Examples of the anti-static agents include stearamidopropyl dimethyl-3-hydroxyethyl ammonium nitrate, and the like.
Examples of the colorants include titanium dioxide, carbon black, and other inorganic or organic pigments.
Examples of the fillers include reinforcing elastomers such as calcium carbonate, clay, silica, glass fibers, glass balls, carbon fibers, methyl methacrylate-butadiene-styrene copolymers (MBS), styrene-butadiene-styrene copolymers (SBS), styrene-isoprene copolymers (SIS), or hydrogenated products thereof.
The above-mentioned additives may be used alone or as a combination of two or more. The above-mentioned additives may also be added during manufacturing.
The copolymer resin according to the present invention may contain plasticizers and lubricants as needed.
As the plasticizers, conventionally known plasticizers can be used, for example, such as phthalic acid-based plasticizers such as dibutylphthalate, dioctyl phthalate, diheptyl phthalate, butyl benzyl phthalate, and butylphthalylbutylglycolate; adipic acid-based plasticizers such as di-n-butyl adipate and di-(2-ethylhexyl adipate); citric acid-based plasticizers such as acetyl tri-n-butyl citrate; sebacic acid-based plasticizers such as di-n-butyl sebacate and di-(2-ethylhexyl) sebacate; epoxy-based plasticizers such as epoxidized soybean oil, epoxidized linseed oil, and epoxidized fatty acid esters; polyester-based plasticizers consisted of dibasic acids such as succinic acid, glutaric acid, and adipic acid, and a dihydric alcohol with a molecular weight of 200 or less such as ethylene glycol, 1,2-propylene glycol, 1,3-propylene glycol, 1,2-butylene glycol, 1,3-butylene glycol, and 1,4-butylene glycol; terpene-based resins and hydrogenated terpene-based resins; and the like. These plasticizers may be used alone or as a combination of two or more.
In addition, the copolymer resin according to the present invention may include monomers of the (meth)acrylic acid alkyl ester (x2). Including the monomers of the (x2) component as a plasticizer makes it easier to soften the resin sheet according to the present invention and to further improve the heat-sealing property at low temperatures. The above-mentioned monomers may be added to the copolymer resin or may be residual monomers at the time of manufacturing. When the copolymer resin includes the monomers of the (x2) component, the ratio thereof is preferably 700 ppm or less, more preferably 10-500 ppm, and still more preferably 20-300 ppm, with respect to the total mass of the copolymer resin.
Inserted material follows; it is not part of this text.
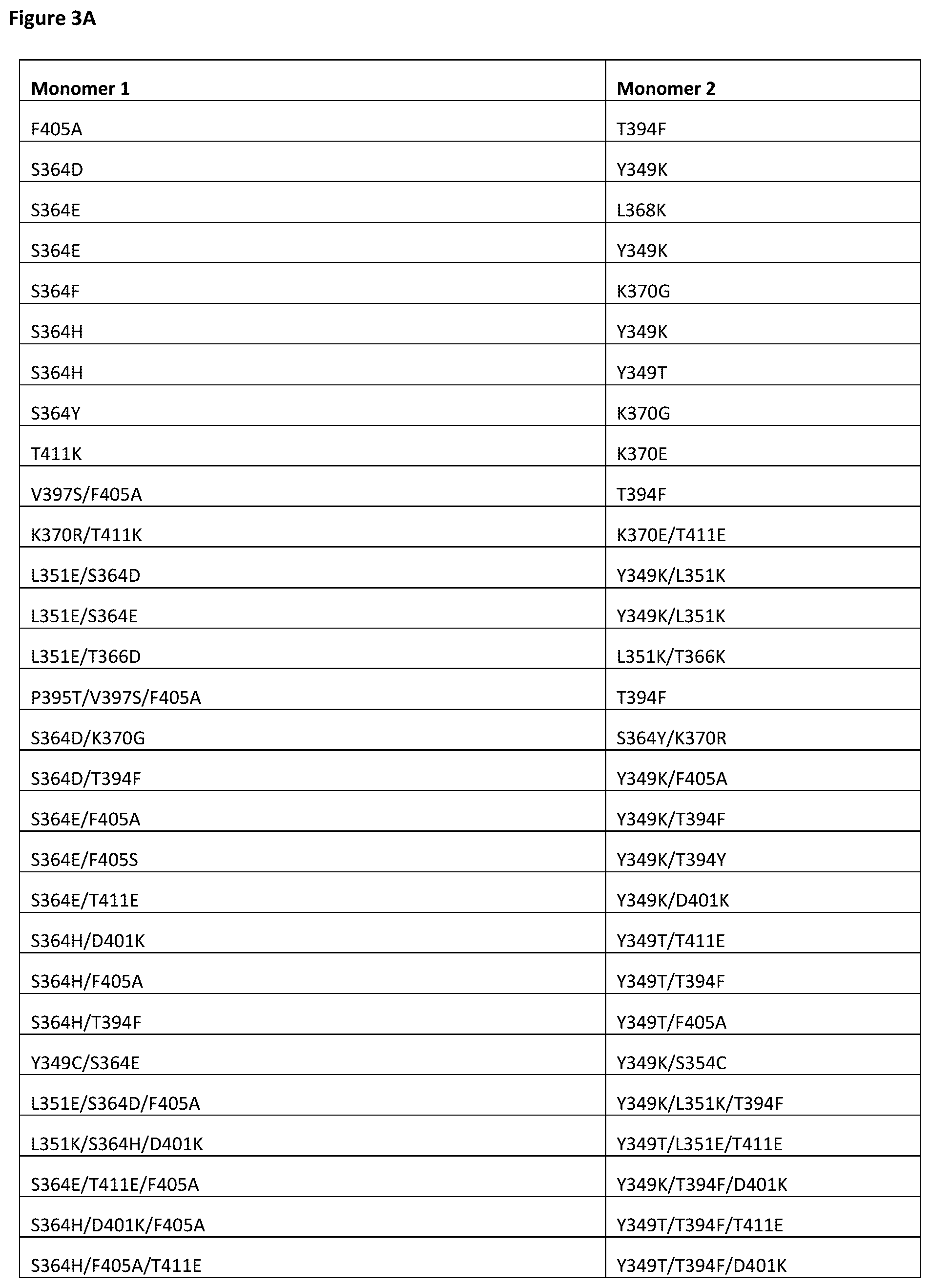 Patent US12365743 Figure 5 – Anti-CD28 x anti-PSMA antibodies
Note that when the above-mentioned monomer is a residual monomer at the time of manufacturing, the ratio of the residual monomers in the copolymer resin may be controlled within the above-mentioned range by adjusting the polymerization temperature, polymerization time, etc.
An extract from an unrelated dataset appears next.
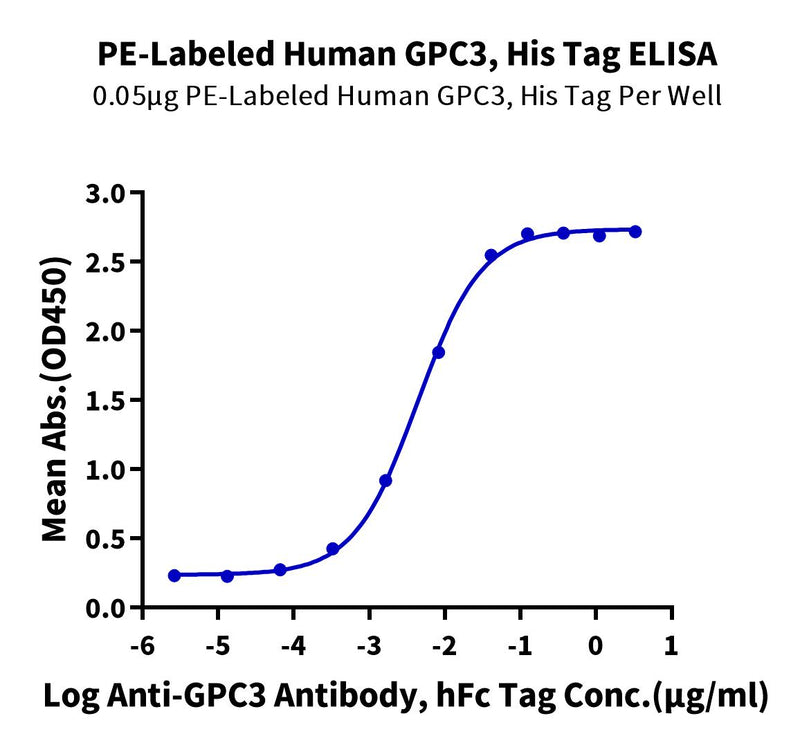 Immobilized PE-Labeled Human GPC3, His Tag at 0.5ug/ml (100ul/well) on the plate. Dose response curve for Anti-GPC3 Antibody, hFc Tag with the EC50 of 4.4ng/ml determined by ELISA.Recombinant PE-Labeled Human GPC3/Glypican 3 Protein, Active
As the lubricants, conventionally known lubricants can be used, for example, such as metal soap-based and hydrocarbon-based liquid paraffin; polyethylene wax and the like; fatty acid-based higher fatty acid, hydroxy fatty acid, and the like; ester-based glyceride, ester wax, and the like; fatty acid amide-based fatty acid amide, bis-fatty acid amide, and the like; fatty acid ketone-based and compound lubricant-based lubricant; and the like. Specific examples thereof include paraffin wax, stearic acid, hardened oil, stearoylamide, ethylene bisstearamide, n-butyl stearate, ketone wax, octyl alcohol, lauryl alcohol, hydroxystearic triglyceride, polysiloxane, alkyl phosphates ester, and the like. These lubricants may be used alone or as a combination of two or more.
When plasticizers or lubricants are included, the added amount is preferably in the range of 0.05-1.0 parts by mass with respect to the total mass of the copolymer resin from the viewpoint of the processability of the resin sheet and the sealing property of the packaging container.
The resin sheet according to the present invention is composed of the above-mentioned copolymer resin. Conventionally known methods can be adopted as the method for manufacturing the resin sheet. Specifically, an example of the methods includes feeding the copolymer resin into an extruder and melt-kneading it, thereby creating resin pellets. These resin pellets are then fed into a sheet extruder such as a T-die and extruded to a desired thickness to form a resin sheet. Note that the resin sheet can be configured as a conductive resin sheet by forming a conductive layer on at least one surface thereof.
The resin sheet according to the present invention preferably has a thickness of 0.1 to 1 mm, and more preferably 0.15-0.8 mm from the viewpoint of the moldability and the strength of the packaging container.
The resin sheet according to the present invention has excellent folding endurance. That is, the resin sheet according to the present invention has a folding endurance, measured in accordance with JIS-P-8115, of preferably 10 or more times, more preferably 30 or more times, and still more preferably 50 or more times. Note that the folding endurance of the resin sheet refers to a value measured under the following conditions.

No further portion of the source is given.